On Sun, May 24, 2020 at 4:55 PM Eli Zaretskii <eliz@gnu.org> wrote:
> And here's a reminder from how the same looked in the session that> 
> segfaulted:
>
>   (gdb) p current_buffer->overlays_before
>   $28 = (struct Lisp_Overlay *) 0x170cb080
>   (gdb) p $28->start
>   $29 = XIL(0xa0000000170cb040)
>   (gdb) xtype
>   Lisp_Vectorlike
>   Cannot access memory at address 0x18ac04f8

That should read "Cannot access memory at address 0x170cb080". It
doesn't. It doesn't tell you whether the memory at page 0x170cb000 is
mapped, because gdb, for whatever reason (a bug in .gdbinit, a bug in
gdb, some weird command entered at the gdb prompt before the
transcript started, or even, as you yourself suggested, somehow as the
result of the memory corruption that caused the crash), looked in the
wrong place.

Instead, it tells you that the page at 0x18ac0000 isn't mapped. Which we knew.

>   (gdb) p $28->next
>   $30 = (struct Lisp_Overlay *) 0x13050320
>   (gdb) p $28->next->start
>   $31 = XIL(0xa000000016172310)
>   (gdb) xtype
>   Lisp_Vectorlike
>   Cannot access memory at address 0x18ac04f8

Same here. It should read "Cannot access memory at address 0x16172310".

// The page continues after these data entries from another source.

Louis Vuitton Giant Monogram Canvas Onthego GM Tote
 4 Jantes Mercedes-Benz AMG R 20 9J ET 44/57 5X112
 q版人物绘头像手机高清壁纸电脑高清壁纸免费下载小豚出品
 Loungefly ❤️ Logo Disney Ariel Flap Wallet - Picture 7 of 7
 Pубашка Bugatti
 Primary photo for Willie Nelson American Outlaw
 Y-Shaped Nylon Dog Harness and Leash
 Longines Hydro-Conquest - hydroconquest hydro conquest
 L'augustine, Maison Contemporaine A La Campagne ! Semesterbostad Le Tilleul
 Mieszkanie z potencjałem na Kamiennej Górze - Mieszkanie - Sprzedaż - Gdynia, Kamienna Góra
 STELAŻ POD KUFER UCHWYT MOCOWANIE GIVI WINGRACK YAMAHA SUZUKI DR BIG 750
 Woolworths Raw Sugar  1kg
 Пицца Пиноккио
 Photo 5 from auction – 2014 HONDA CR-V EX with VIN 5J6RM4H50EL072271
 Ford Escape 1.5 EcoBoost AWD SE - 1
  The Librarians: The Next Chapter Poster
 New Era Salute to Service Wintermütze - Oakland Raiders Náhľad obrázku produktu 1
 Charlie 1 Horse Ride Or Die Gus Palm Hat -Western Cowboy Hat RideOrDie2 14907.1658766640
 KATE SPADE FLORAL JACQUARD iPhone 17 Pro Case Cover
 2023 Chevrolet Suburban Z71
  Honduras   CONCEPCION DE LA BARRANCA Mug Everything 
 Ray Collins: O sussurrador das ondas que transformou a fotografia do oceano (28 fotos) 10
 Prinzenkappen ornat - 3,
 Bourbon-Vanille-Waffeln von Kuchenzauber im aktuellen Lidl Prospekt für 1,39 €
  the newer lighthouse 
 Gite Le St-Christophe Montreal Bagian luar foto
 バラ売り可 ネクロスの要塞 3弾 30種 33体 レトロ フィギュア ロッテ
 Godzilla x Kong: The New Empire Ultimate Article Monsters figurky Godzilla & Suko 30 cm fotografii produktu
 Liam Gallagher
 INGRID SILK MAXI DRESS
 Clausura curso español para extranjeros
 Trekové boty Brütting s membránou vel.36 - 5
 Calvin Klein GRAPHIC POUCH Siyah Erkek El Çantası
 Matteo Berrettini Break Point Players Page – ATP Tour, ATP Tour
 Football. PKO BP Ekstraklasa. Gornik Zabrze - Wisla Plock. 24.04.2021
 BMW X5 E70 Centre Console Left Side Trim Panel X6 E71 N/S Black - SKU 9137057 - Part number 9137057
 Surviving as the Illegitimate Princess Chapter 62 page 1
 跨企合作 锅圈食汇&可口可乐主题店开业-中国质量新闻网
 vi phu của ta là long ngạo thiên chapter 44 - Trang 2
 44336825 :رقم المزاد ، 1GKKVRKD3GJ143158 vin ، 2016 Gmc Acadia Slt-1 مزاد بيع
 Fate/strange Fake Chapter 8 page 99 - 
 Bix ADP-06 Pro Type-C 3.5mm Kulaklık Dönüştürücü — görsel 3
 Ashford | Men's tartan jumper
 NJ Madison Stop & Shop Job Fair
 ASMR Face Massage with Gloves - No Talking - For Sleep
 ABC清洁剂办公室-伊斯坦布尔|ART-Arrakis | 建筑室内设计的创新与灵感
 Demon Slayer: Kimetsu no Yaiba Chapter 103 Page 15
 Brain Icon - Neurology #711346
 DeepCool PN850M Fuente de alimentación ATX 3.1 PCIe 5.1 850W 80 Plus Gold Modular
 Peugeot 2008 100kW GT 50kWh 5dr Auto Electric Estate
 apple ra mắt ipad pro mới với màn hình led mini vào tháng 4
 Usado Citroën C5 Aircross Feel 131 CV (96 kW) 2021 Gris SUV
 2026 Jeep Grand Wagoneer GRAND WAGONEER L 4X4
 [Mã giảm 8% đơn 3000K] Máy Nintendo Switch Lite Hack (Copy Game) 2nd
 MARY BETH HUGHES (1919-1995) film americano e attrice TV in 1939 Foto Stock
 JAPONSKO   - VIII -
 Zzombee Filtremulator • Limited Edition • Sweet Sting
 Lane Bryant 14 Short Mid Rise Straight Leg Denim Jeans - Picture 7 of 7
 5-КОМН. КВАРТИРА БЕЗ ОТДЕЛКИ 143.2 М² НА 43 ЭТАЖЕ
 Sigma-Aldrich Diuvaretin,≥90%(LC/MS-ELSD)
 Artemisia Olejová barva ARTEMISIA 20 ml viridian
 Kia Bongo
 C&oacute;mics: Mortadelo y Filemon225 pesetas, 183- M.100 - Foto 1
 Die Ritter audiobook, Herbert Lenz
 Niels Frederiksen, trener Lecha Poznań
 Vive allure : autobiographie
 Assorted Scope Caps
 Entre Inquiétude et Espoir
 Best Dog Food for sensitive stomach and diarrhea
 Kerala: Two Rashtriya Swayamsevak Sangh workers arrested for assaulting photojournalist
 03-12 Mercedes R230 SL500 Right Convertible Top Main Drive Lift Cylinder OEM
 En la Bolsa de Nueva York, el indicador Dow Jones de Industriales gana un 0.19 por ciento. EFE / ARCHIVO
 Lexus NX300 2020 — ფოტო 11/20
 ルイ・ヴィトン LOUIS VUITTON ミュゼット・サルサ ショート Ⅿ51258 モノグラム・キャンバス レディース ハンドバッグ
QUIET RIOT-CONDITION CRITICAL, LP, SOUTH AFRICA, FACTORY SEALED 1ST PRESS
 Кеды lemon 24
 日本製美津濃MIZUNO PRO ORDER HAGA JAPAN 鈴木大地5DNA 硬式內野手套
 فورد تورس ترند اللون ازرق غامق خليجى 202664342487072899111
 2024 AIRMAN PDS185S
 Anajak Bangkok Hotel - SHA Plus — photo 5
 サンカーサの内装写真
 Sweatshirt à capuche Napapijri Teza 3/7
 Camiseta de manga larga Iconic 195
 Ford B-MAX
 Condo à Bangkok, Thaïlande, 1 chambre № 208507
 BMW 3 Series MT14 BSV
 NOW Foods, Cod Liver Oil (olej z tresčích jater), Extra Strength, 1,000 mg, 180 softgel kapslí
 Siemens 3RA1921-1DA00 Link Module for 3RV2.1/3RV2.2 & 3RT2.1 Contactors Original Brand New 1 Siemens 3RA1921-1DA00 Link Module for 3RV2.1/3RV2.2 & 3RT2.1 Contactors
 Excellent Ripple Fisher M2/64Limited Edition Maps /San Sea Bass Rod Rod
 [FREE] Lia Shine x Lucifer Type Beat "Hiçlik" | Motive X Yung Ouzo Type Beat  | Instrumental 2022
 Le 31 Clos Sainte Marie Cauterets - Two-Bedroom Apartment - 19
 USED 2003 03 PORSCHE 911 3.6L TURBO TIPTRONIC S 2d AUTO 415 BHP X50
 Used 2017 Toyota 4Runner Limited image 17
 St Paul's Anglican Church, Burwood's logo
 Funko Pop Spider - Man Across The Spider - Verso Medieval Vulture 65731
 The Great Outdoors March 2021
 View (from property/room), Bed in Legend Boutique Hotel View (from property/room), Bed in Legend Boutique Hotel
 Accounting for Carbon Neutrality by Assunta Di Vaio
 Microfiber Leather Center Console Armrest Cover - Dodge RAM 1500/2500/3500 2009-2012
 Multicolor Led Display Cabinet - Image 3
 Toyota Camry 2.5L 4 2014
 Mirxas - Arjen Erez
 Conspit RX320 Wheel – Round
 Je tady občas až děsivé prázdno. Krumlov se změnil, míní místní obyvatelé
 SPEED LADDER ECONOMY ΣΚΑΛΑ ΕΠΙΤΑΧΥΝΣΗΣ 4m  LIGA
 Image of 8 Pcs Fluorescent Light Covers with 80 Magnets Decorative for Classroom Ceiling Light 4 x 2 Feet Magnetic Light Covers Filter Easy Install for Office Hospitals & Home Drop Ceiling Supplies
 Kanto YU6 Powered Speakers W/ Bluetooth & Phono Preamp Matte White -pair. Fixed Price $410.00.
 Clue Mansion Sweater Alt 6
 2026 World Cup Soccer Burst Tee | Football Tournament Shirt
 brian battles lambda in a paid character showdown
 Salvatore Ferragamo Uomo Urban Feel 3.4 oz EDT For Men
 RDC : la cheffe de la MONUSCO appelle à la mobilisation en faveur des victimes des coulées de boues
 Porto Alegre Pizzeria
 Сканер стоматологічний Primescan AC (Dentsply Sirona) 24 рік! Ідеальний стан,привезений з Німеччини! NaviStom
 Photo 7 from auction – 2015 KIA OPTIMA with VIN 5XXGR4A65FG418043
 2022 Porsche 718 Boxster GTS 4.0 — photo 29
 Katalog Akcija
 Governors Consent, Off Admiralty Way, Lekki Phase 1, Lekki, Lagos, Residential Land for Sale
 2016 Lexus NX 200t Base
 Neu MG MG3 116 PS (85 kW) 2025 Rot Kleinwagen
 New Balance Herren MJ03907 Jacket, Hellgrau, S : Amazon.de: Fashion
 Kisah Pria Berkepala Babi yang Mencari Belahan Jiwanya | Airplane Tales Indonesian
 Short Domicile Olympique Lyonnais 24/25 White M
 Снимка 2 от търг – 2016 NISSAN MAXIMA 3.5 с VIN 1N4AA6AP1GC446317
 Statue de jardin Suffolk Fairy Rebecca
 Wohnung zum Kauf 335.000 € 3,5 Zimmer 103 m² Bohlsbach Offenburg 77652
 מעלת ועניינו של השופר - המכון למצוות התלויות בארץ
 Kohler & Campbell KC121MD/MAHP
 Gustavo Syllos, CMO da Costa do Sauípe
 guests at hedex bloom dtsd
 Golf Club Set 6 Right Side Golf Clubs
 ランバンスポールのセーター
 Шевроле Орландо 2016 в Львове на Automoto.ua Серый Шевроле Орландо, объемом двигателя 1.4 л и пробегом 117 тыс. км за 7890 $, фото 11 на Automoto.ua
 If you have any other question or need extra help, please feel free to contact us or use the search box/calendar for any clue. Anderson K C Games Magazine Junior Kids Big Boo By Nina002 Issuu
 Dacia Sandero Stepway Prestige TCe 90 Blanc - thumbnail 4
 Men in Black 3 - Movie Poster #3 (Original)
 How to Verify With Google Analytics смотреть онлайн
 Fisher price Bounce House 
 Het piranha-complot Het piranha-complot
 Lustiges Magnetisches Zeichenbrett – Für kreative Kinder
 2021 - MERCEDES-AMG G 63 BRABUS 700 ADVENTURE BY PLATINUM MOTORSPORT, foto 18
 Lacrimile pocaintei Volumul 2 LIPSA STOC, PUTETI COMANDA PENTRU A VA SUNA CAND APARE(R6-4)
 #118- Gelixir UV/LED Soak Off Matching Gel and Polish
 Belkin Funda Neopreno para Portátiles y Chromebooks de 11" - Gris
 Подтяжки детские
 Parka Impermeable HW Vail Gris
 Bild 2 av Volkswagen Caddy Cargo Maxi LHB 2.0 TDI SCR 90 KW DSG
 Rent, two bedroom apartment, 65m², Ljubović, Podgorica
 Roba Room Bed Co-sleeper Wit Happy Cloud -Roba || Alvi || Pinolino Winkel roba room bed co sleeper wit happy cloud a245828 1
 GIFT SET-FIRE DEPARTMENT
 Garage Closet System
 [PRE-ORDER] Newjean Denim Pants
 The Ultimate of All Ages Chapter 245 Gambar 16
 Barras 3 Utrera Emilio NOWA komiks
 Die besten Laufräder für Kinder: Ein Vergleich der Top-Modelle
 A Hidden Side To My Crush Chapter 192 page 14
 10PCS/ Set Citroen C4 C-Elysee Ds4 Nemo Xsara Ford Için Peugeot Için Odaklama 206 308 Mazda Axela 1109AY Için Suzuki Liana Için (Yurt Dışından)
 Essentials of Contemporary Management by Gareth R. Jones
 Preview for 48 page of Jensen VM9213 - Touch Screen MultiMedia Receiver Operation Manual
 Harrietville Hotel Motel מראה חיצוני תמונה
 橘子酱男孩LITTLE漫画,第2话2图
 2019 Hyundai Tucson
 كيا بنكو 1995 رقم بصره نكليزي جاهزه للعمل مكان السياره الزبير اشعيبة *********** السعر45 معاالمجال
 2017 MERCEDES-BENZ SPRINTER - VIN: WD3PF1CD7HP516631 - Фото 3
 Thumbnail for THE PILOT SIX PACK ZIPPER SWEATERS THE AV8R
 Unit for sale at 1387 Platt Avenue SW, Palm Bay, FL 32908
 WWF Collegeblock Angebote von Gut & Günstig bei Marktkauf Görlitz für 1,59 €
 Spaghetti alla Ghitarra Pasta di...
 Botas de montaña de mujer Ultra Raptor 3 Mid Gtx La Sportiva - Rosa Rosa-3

> If you still claim that I didn't demonstrate that the buffer's overlay
> chain got corrupted

I do, of course. The message GDB prints simply does not say anything
problematic about the buffer's overlay chain.

> as part of the bug that caused the segfault,
> please point out what I missed here.

You omitted the third call to xtype, which was even more clearly
nonsensical: xtype was misbehaving. We don't know in which way it was
misbehaving. So there's no evidence either way.

FWIW, running into gdb bugs is something that happens to me almost on
a regular basis. There's no point reporting those, as there's
generally no response. In your case, you're in an unusual environment
with a rather large and complicated .gdbinit file which does very
strange things to avoid running into GDB bugs that we know about. All
that increases the likelihood of your encountering a gdb bug that no
one else has, or that has been reported but never responded to.